« Go back a post || Return to G-A-Y homepage || Haul tail to next post »
09/22/2010
Stuck with the #DADT bill, Clinton disputes charges
“Don't ask, don't tell was only adopted when both houses of Congress had voted by a huge veto-proof margin to legislate the absolute ban on gays in the military if I didn't do something else. That is, they made it clear, both houses, in their votes, by veto proof margins, they would never let me order, by executive order, gays to serve in themilitary. So it's some big myth that somehow it rolled through the military. Congress voted -- and I got beat. And so did the gay rights people, got beat. So there's been a lot of rewriting history saying Bill Clinton just gave into that. That's just factually false. I didn't do anything until the votes were counted.
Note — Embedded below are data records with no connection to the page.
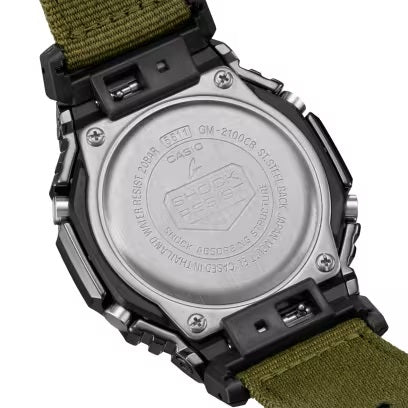 Orologio Casio G-Shock GM-2100CB-3AER Utility Metal uomo-2b Gioielli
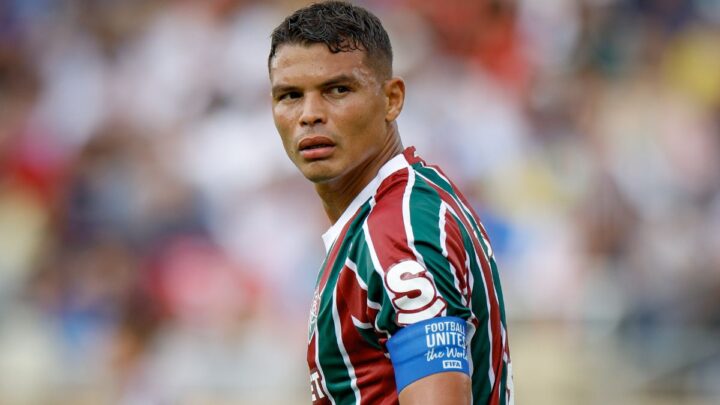 Thiago Silva, capitão da equipe (Foto: Lucas Merçon e Marcelo Gonçalves, FFC)
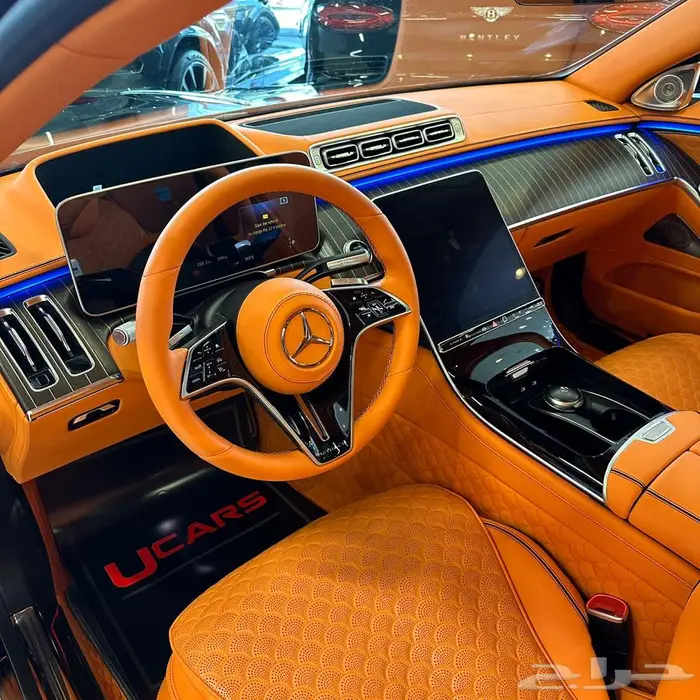 مرسيدس S600 Brabus مايباخ - 2023 4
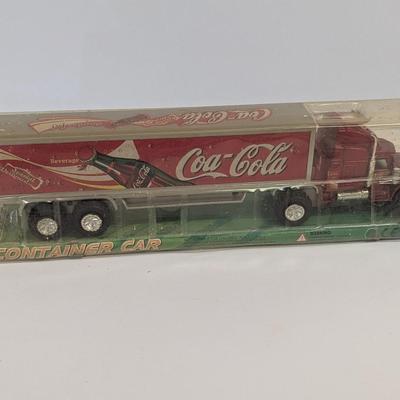 Coca-Cola Container Car Superior Truck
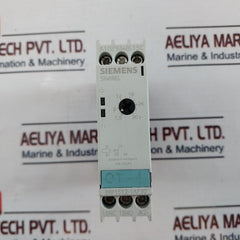 Siemens 3Rp1512-1Ap30 Time Relay On Delay 3Zx1012-0Rp15-1Aa1
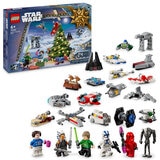 LEGO Advent Calendar 2024 Assortment Star Wars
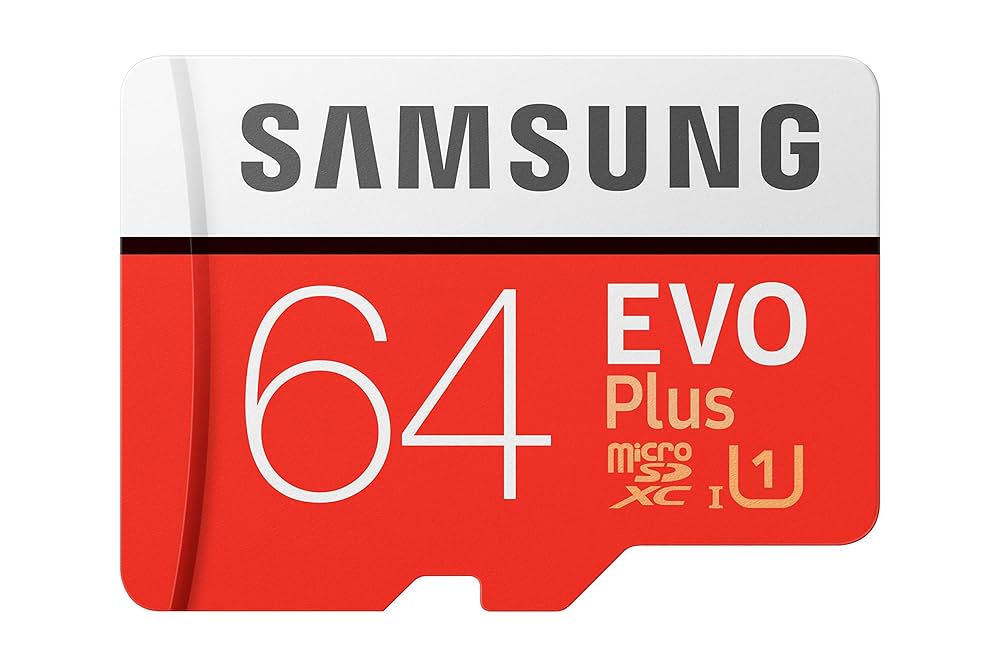 SAMSUNG - SAMSUNG 64GB microSDXCカード EVOplus 12枚 Amazon.com: Samsung EVO Plus 64GB microSDXC UHS-I U3 100MB/s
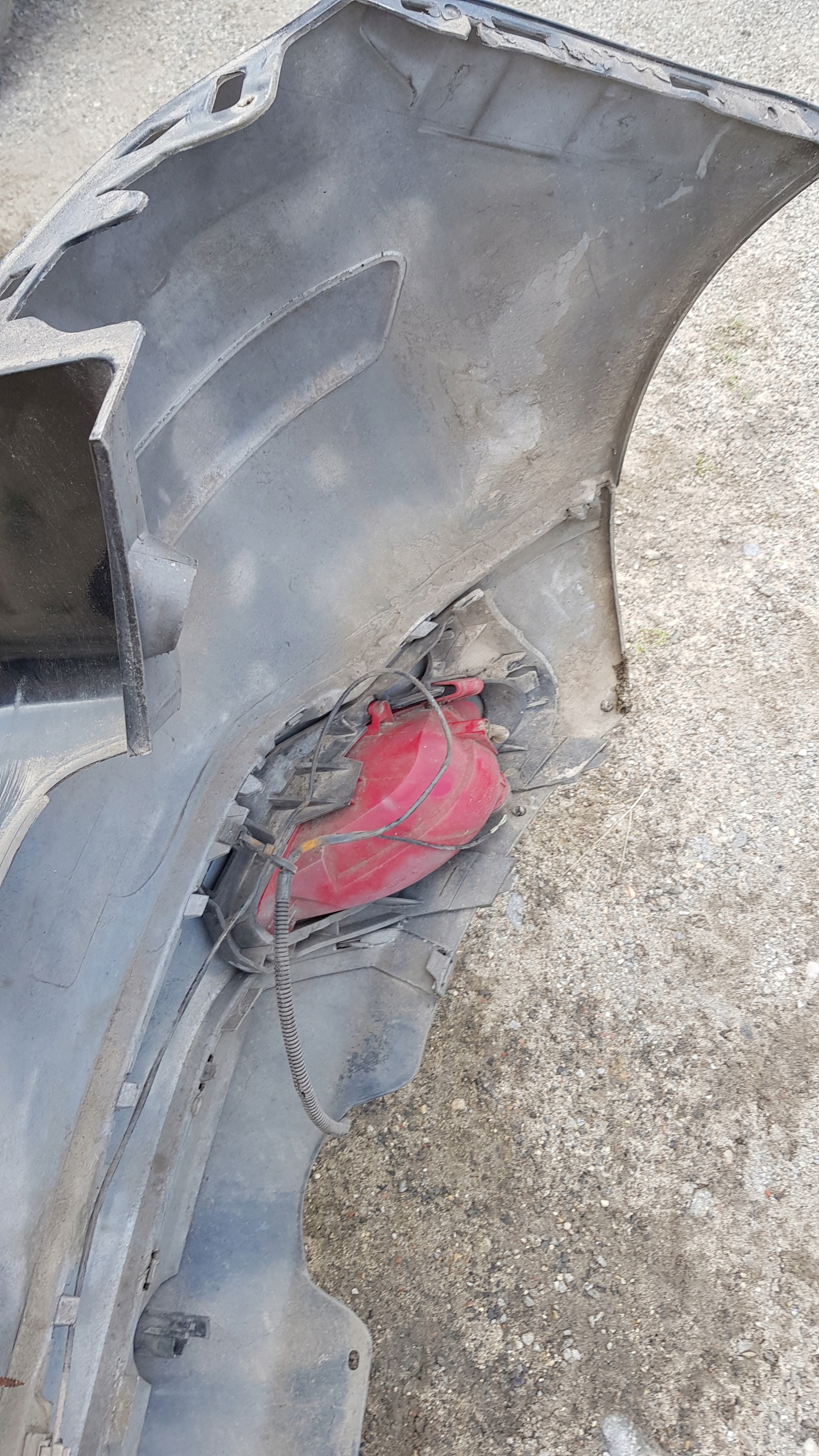 CITROEN C4 and bumper rear part HB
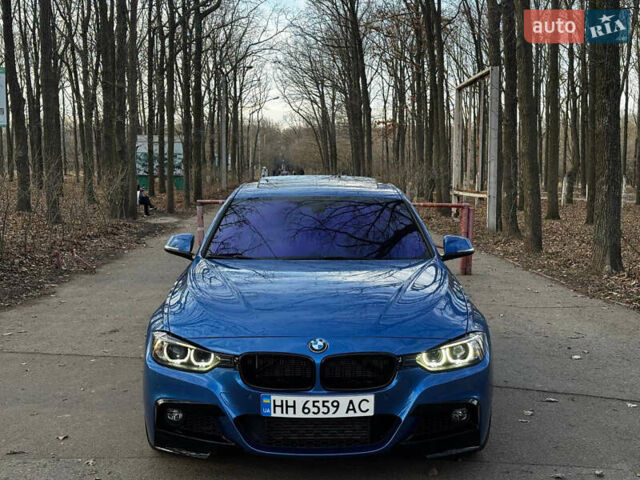 Синий БМВ 3 Серия, объемом двигателя 2 л и пробегом 153 тыс. км за 16000 $, фото 1 на Automoto.ua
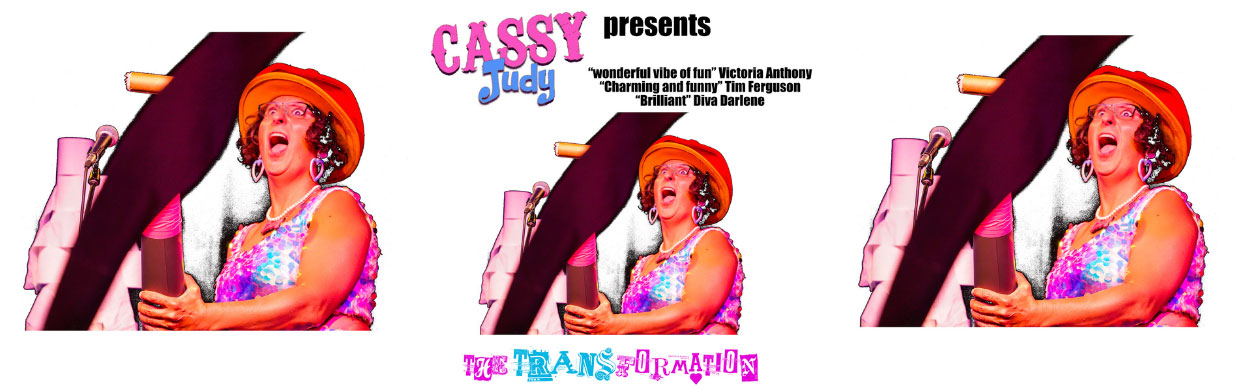 Cassy Judy - The Trans Formation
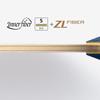 Butterfly Ракетка для настольного тенниса Innerforce Layer ZLF FL Хватка Шейкхенд (европейская) Тип: Защитный 36691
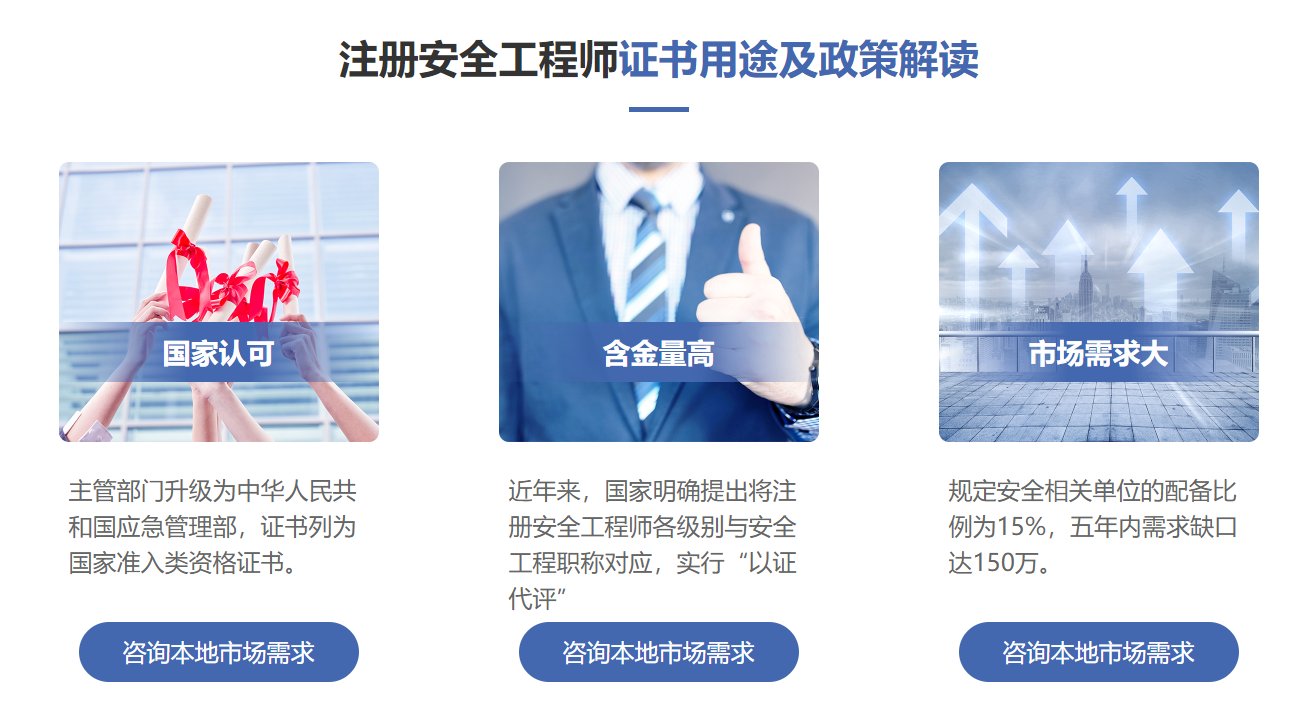 国内排名前十的注册安全工程师考证培训机构一览推荐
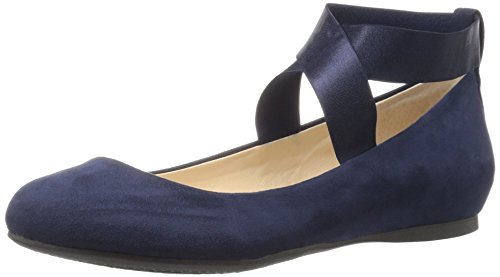 Jessica Simpson Women's Mandayss Ballet Flat, Dark Midnight, 7 M US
Now, when Colin Powell sold me on 'don't pass, don't tell,' here's what he said it would be: Gay service members would never get in trouble for going to gay bars, marching in gay rights parades as long as they weren't in uniform, getting gay materials for any of the places they went or any of the things they did, as long as they didn't talk about it. That was what they were promised. That's a very different 'don't ask, don't tell' than we got. What we got as soon as Gen. Powell retired was this vicious mid- and lower-level officer feedback where they, for a year or so, made it worse than it had been before. Then they sort of settled down. But, the reason I accepted it was because I thought it was better than an absolute ban, and because I was promised it would be better than it was.
But the world has changed now. There's a huge shift in opinion, and I think we're going to prevail on this. I think that...the Republicans are making a huge issue out of gays serving in the military in the election, but unless they can somehow stir it up again, I think that our military commanders will implement it."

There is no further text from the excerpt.